Floor origins are zeroed (R16 fix) — offsets stored on BUILDING→FLOOR TACK lines as dx/dy/dz. BUILDING origin holds the world LBD anchor.

Compiled Output (sjtii_terminal.db)

Table Predicted Actual Notes
elements_meta 48,428 48,428 G1-COUNT PASS (Spec 2 fix — StoreyCompiler skip for CO)
Delta (enbloc vs walkthru) 0 0 Compilation is consistent

Product catalog: 505 unique products → 48,428 placed instances (95.9× reuse).

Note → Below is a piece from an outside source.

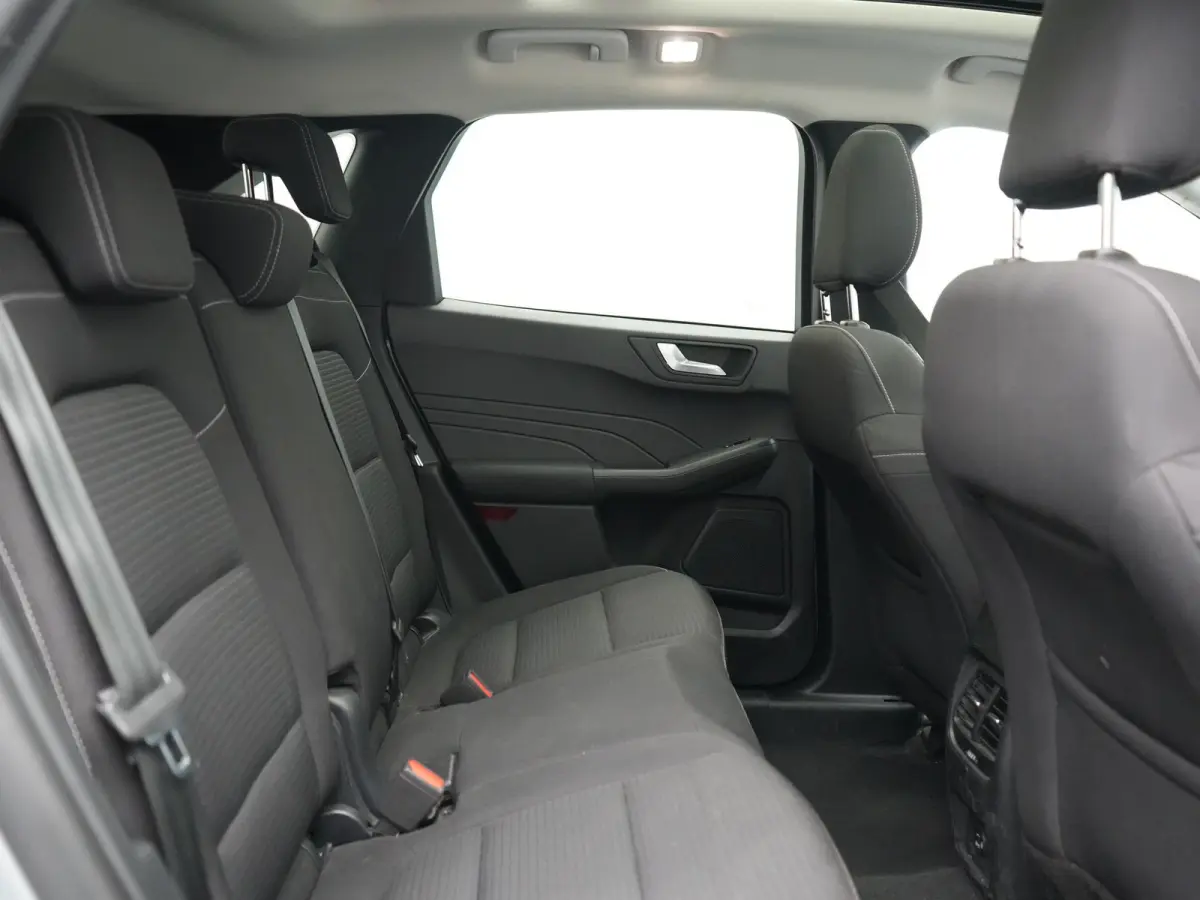 2.5 PHEV Titanium 225pk Dealer O.H. | Trekhaak Afn. | Panodak | Camera | Stoelen & Stuur Verwarmd | Apple Carplay | Keyless | Virtual | Cruise Control | Navigatie | DAB | Plug In Hybrid |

Implementation Phases — All DONE

Phase What Status
TE-1 Z-centroid band assignment, 7 storeys normalised DONE
TE-2 ExtractionPopulator: 51,088→48,428 active, REBAR deactivated DONE
TE-3 BUILDING→FLOOR→DISCIPLINE→LEAF for CO mode DONE
TE-4 M_Product_Category=CO from YAML, commercial dispatch DONE
TE-5 CO_TE in GATE_SCOPE, surefire property forwarding DONE
TE-5B Output DB produced, 216 IfcSlab gap diagnosed + fixed DONE
TE-6/7 Verb factorization: TILE/ROUTE/FRAME/CLUSTER (1,131 lines, 42.8:1) DONE

Steps to Arrive at Compiled Output (guide for future IFC conversions)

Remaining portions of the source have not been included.